TASK INSTRUCTIONS:
The task calls for an exact retyping of the lines from the one holding "pahrin Casual Printed Women Light Green Top" through the end of the listing, with pictures omitted and nothing added.

MATERIAL PROVIDED:

== Segment start ==

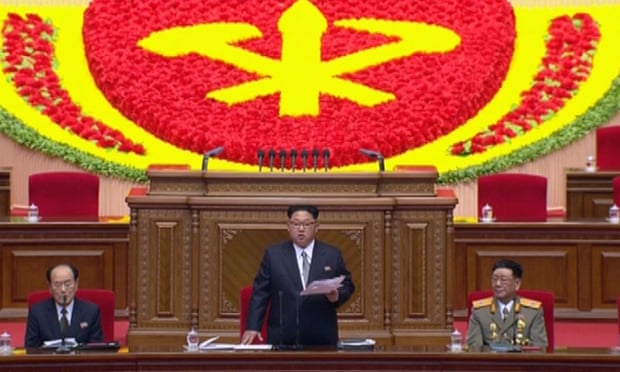Kim Jong-un addresses the congress in Pyongyang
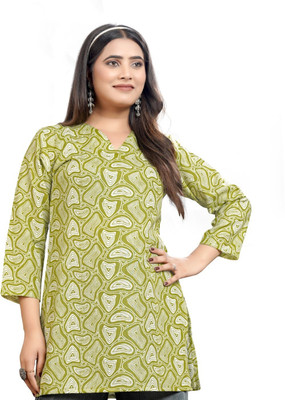 pahrin Casual Printed Women Light Green Top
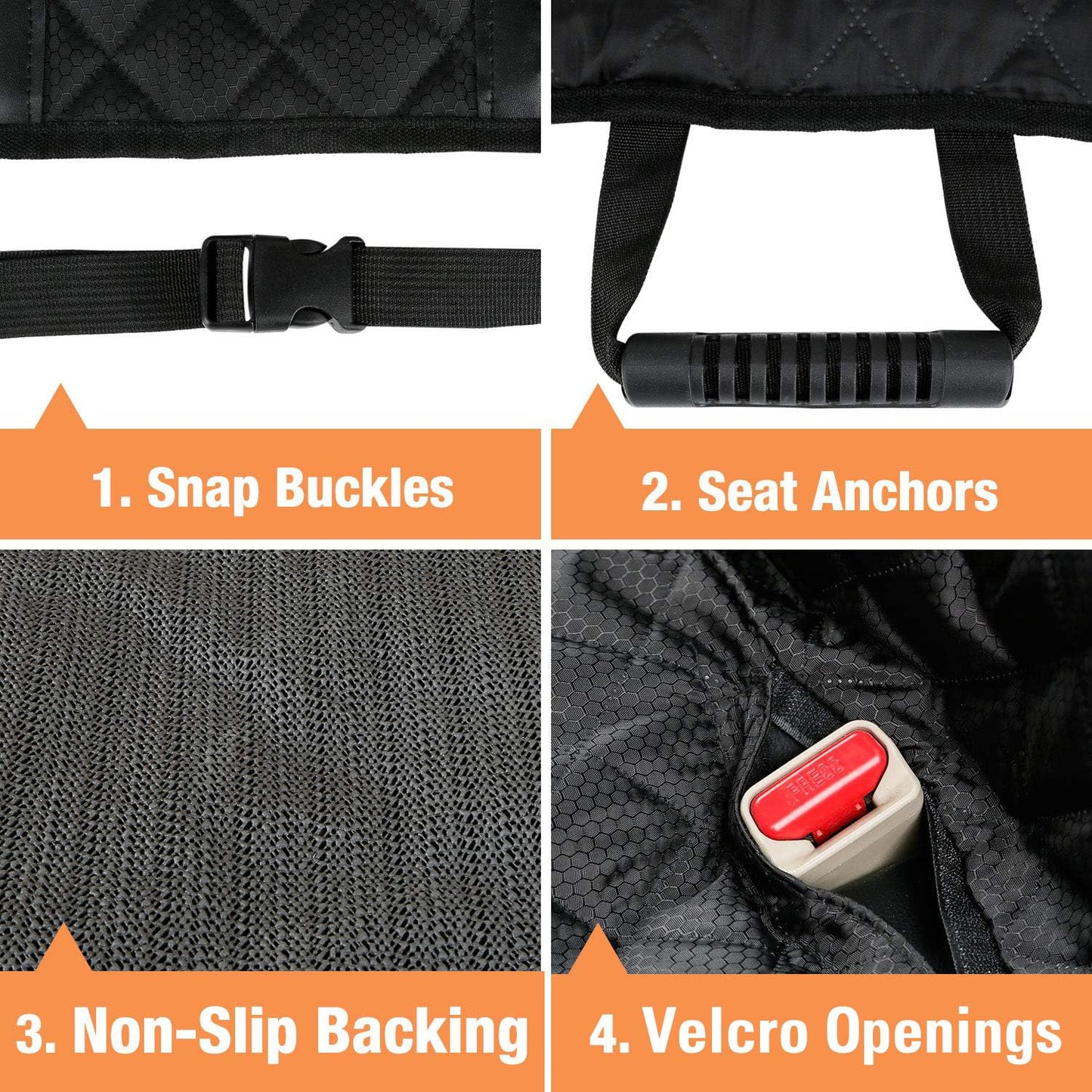 PETICON Waterproof Scratchproof Pet Bench Seat Covers for Cars, Trucks, SUVs, Nonslip Durable Back Seat Cover for Dogs, Washable Backseat Protection, Black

== Segment end ==

ANSWER SECTION:
 pahrin Casual Printed Women Light Green Top
 PETICON Waterproof Scratchproof Pet Bench Seat Covers for Cars, Trucks, SUVs, Nonslip Durable Back Seat Cover for Dogs, Washable Backseat Protection, Black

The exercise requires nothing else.